Brief | Where a line in the data below includes the word "Floral", count it. State the total and nothing more.

Input data |
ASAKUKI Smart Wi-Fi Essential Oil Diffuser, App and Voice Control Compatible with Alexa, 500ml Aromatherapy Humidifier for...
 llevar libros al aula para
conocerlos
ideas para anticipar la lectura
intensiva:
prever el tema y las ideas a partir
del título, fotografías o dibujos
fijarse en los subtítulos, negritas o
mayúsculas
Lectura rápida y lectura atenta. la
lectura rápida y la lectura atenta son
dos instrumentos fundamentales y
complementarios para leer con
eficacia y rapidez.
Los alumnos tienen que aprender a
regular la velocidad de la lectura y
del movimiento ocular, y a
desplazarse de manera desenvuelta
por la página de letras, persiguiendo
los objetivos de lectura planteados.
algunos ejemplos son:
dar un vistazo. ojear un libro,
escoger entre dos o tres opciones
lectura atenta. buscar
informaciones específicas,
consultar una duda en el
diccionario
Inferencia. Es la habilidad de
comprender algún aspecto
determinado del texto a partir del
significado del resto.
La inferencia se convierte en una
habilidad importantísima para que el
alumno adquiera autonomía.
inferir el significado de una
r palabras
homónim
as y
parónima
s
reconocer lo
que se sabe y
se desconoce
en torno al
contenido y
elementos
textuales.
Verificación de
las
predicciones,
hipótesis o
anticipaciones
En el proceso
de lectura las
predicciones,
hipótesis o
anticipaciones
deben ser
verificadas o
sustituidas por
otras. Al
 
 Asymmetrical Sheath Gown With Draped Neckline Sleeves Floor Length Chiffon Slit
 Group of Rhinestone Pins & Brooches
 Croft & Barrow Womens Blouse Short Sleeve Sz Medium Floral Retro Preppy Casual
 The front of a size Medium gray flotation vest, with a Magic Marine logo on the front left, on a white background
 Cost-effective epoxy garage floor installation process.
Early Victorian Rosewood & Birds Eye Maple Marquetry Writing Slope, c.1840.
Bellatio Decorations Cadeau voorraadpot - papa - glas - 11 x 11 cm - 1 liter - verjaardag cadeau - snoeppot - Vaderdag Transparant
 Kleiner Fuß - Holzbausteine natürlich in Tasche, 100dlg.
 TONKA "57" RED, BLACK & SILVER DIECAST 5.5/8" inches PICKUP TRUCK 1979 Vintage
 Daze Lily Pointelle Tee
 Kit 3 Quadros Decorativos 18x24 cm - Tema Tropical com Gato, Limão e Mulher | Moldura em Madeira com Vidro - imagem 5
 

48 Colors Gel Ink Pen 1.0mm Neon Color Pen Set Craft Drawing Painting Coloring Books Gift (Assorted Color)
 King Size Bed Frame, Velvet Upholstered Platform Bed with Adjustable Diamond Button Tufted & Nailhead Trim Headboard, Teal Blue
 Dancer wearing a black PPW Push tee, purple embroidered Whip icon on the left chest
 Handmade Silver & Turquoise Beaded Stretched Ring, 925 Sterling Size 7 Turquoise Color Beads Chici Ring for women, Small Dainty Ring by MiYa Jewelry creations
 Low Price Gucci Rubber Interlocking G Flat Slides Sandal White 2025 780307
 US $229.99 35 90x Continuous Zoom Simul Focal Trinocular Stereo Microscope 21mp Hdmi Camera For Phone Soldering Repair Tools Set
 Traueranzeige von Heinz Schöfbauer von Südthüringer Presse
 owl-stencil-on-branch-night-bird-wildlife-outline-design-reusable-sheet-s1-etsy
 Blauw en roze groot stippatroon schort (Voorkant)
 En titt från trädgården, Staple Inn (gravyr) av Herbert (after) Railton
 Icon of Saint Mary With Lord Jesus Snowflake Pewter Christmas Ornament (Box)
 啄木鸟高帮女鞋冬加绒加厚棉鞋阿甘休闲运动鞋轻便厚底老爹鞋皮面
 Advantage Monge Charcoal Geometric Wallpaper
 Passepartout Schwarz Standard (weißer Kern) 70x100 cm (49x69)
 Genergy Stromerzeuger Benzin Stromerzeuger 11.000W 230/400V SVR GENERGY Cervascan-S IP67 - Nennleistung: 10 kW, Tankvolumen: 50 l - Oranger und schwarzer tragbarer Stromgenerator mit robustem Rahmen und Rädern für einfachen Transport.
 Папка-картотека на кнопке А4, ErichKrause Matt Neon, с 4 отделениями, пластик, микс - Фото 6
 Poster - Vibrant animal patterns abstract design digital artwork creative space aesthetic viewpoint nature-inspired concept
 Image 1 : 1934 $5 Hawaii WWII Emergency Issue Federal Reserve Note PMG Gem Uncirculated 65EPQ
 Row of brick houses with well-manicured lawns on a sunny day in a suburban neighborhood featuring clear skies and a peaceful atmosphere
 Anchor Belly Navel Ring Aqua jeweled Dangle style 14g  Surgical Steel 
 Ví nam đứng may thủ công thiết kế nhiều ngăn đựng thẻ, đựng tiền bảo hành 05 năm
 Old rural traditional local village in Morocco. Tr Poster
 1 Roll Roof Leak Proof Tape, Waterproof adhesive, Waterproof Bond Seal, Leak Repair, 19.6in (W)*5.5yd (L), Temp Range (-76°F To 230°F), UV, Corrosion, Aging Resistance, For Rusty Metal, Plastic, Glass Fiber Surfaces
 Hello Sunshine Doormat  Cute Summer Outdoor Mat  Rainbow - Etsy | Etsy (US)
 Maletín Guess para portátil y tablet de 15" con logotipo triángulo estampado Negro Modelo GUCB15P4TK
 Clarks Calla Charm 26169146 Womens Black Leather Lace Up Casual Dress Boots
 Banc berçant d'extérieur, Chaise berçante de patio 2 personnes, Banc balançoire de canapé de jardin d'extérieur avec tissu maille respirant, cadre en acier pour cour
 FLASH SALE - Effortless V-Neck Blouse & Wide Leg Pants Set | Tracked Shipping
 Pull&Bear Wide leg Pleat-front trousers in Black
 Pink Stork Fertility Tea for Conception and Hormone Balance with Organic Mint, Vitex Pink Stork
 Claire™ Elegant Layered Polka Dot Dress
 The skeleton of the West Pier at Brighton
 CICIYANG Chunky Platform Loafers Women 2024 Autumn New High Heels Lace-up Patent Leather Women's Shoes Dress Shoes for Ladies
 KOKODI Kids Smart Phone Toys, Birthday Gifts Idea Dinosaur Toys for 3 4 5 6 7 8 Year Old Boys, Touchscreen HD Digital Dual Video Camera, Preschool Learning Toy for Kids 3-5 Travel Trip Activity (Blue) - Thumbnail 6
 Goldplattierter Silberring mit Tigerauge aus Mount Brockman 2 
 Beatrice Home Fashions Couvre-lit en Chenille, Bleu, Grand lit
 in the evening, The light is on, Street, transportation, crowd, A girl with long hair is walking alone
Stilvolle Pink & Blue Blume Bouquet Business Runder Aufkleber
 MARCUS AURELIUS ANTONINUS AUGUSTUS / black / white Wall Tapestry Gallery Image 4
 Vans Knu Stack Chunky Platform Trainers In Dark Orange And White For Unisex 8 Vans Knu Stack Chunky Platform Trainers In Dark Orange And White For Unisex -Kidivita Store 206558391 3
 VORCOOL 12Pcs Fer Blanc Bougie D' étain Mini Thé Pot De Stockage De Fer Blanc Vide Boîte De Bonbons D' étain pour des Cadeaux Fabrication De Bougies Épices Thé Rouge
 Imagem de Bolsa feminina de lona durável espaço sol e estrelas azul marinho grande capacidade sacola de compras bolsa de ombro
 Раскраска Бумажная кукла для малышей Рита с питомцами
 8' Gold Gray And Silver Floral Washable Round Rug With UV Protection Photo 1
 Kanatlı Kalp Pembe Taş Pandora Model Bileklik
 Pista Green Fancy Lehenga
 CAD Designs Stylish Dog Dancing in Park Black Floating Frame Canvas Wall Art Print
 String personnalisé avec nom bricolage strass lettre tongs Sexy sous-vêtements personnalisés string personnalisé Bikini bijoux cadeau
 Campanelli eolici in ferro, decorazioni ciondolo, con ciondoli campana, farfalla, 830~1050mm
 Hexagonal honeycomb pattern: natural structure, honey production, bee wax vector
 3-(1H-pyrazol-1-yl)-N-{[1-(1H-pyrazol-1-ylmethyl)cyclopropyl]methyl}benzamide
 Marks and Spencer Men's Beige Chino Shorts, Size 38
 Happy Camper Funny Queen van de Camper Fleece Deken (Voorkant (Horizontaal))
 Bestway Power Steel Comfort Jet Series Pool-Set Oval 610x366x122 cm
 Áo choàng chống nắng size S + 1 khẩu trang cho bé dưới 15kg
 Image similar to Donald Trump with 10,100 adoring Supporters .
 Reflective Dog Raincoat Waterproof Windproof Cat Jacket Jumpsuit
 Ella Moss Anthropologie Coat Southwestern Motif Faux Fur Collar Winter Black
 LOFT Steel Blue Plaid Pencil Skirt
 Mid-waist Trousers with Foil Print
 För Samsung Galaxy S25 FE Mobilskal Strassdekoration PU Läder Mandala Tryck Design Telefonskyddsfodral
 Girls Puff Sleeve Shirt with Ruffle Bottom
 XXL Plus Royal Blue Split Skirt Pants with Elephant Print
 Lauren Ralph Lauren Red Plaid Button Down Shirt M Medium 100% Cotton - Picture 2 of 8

Output for this task | 2